The material below is to be copied exactly from the line with "レンジフード 洗エール[シロッコファン][幅90cm][スリム型][ホワイト]" up to and including the line with "Account Aggregation 4", with nothing else kept and no pictures.

Recorded data:

━━━━━━━━━━━━━━━━

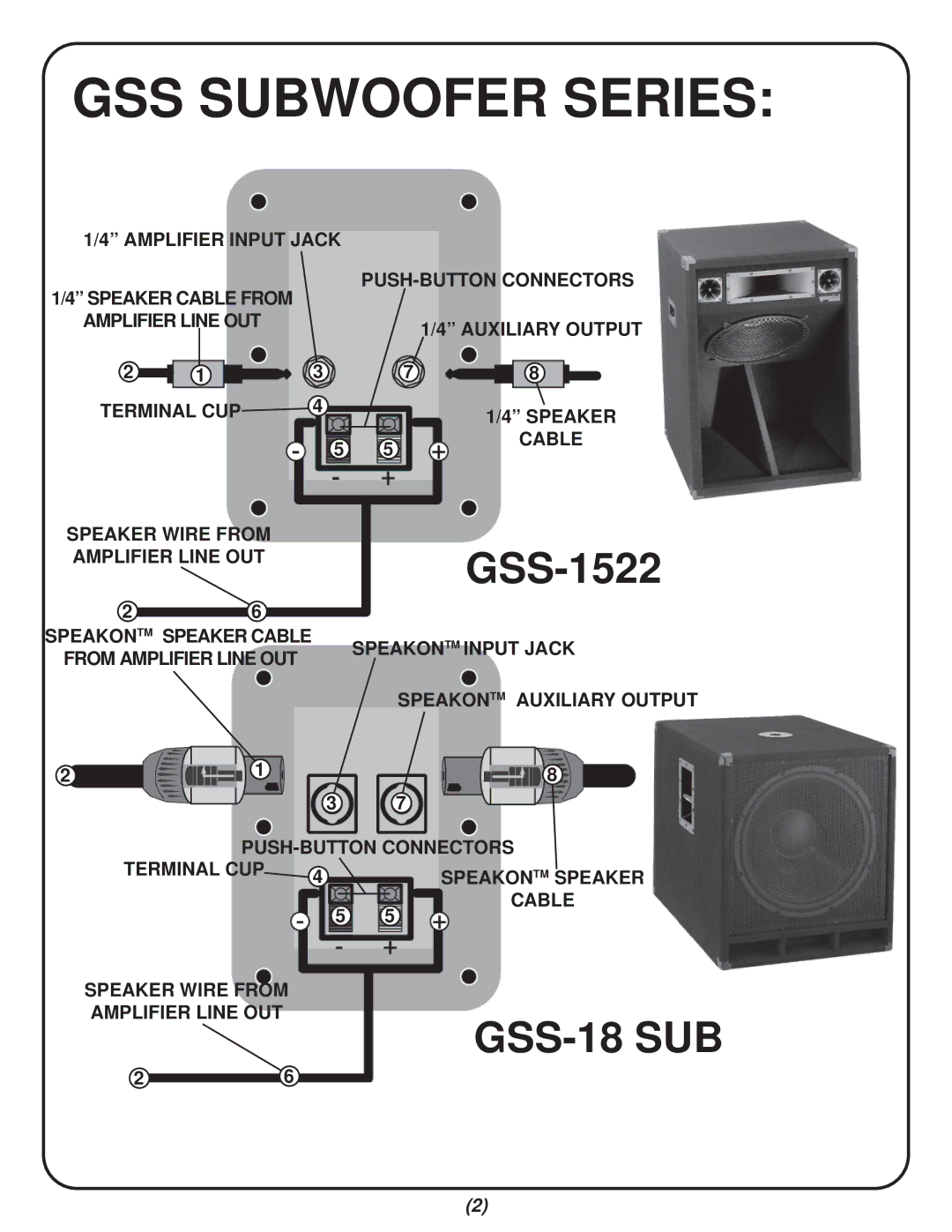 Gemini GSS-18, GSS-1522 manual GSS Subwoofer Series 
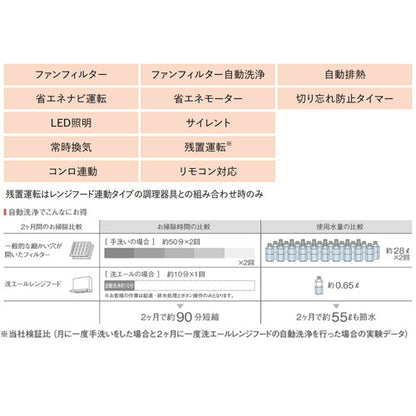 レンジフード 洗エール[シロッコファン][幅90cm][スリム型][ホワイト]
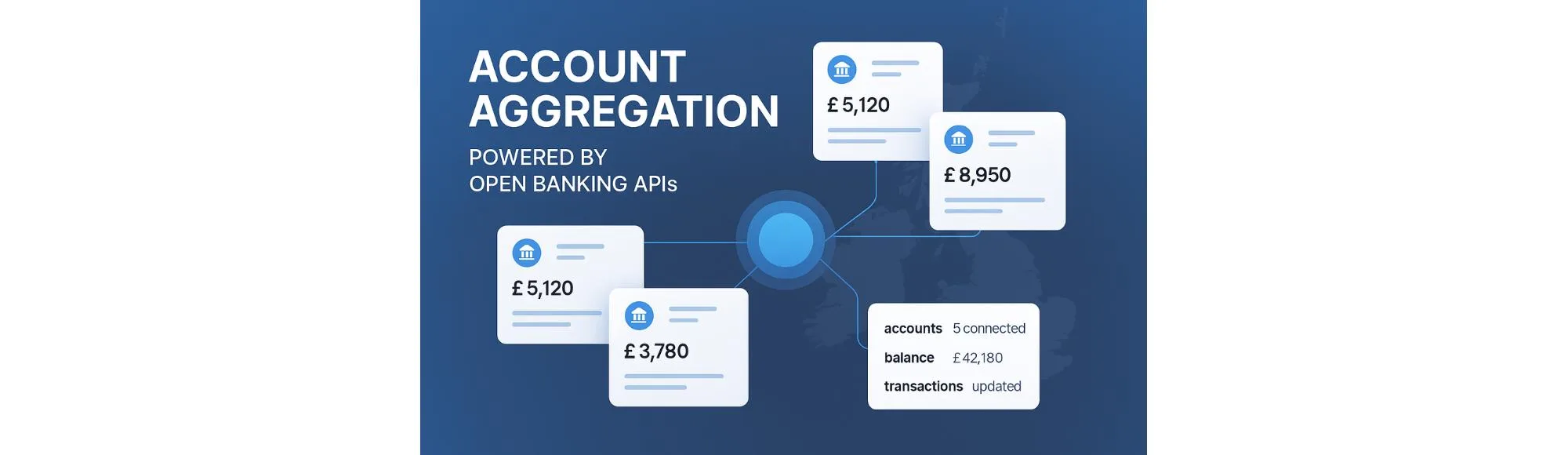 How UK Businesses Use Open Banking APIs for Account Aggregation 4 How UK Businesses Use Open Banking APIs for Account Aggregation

━━━━━━━━━━━━━━━━

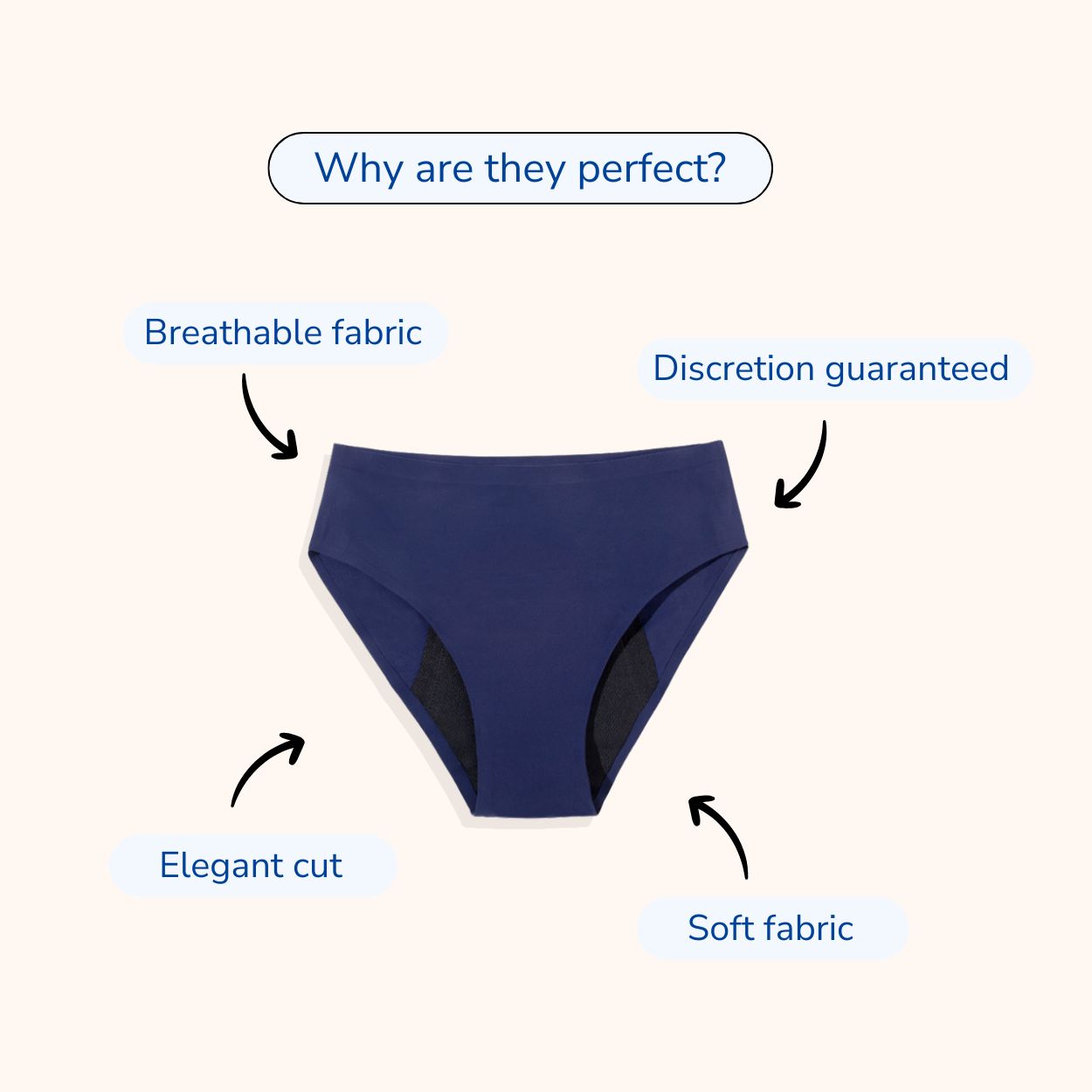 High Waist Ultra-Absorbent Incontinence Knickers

━━━━━━━━━━━━━━━━

Task output:
 レンジフード 洗エール[シロッコファン][幅90cm][スリム型][ホワイト]
 How UK Businesses Use Open Banking APIs for Account Aggregation 4 How UK Businesses Use Open Banking APIs for Account Aggregation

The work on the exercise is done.